Task to carry out. An exact copy of the lines from the one containing "A tree caterpillar eating leaves" through the final line of the records is the only acceptable answer.

Records to process.
++++++
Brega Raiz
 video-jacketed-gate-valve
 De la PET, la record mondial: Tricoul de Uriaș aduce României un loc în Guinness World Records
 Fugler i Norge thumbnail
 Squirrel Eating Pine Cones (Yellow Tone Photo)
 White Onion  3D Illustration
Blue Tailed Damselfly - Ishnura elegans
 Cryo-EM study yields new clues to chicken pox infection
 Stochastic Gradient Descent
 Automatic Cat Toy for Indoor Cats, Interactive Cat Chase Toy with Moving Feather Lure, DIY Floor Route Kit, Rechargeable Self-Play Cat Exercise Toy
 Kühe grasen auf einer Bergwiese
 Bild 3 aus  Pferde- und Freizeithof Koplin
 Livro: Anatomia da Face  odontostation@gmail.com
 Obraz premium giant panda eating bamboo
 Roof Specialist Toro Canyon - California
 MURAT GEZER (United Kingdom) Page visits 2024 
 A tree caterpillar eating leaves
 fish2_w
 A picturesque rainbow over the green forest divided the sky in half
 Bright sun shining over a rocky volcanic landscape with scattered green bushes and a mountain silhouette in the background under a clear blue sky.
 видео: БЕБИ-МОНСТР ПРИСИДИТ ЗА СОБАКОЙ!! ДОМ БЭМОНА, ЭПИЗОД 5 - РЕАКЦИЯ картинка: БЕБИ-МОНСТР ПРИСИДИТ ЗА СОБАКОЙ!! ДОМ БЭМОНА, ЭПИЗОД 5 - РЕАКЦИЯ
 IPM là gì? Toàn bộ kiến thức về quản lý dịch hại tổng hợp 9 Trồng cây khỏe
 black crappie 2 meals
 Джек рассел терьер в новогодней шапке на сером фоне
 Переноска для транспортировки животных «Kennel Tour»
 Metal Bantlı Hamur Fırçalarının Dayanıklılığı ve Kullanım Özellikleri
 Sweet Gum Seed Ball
++++++
The answer.
 A tree caterpillar eating leaves
 fish2_w
 A picturesque rainbow over the green forest divided the sky in half
 Bright sun shining over a rocky volcanic landscape with scattered green bushes and a mountain silhouette in the background under a clear blue sky.
 видео: БЕБИ-МОНСТР ПРИСИДИТ ЗА СОБАКОЙ!! ДОМ БЭМОНА, ЭПИЗОД 5 - РЕАКЦИЯ картинка: БЕБИ-МОНСТР ПРИСИДИТ ЗА СОБАКОЙ!! ДОМ БЭМОНА, ЭПИЗОД 5 - РЕАКЦИЯ
 IPM là gì? Toàn bộ kiến thức về quản lý dịch hại tổng hợp 9 Trồng cây khỏe
 black crappie 2 meals
 Джек рассел терьер в новогодней шапке на сером фоне
 Переноска для транспортировки животных «Kennel Tour»
 Metal Bantlı Hamur Fırçalarının Dayanıklılığı ve Kullanım Özellikleri
 Sweet Gum Seed Ball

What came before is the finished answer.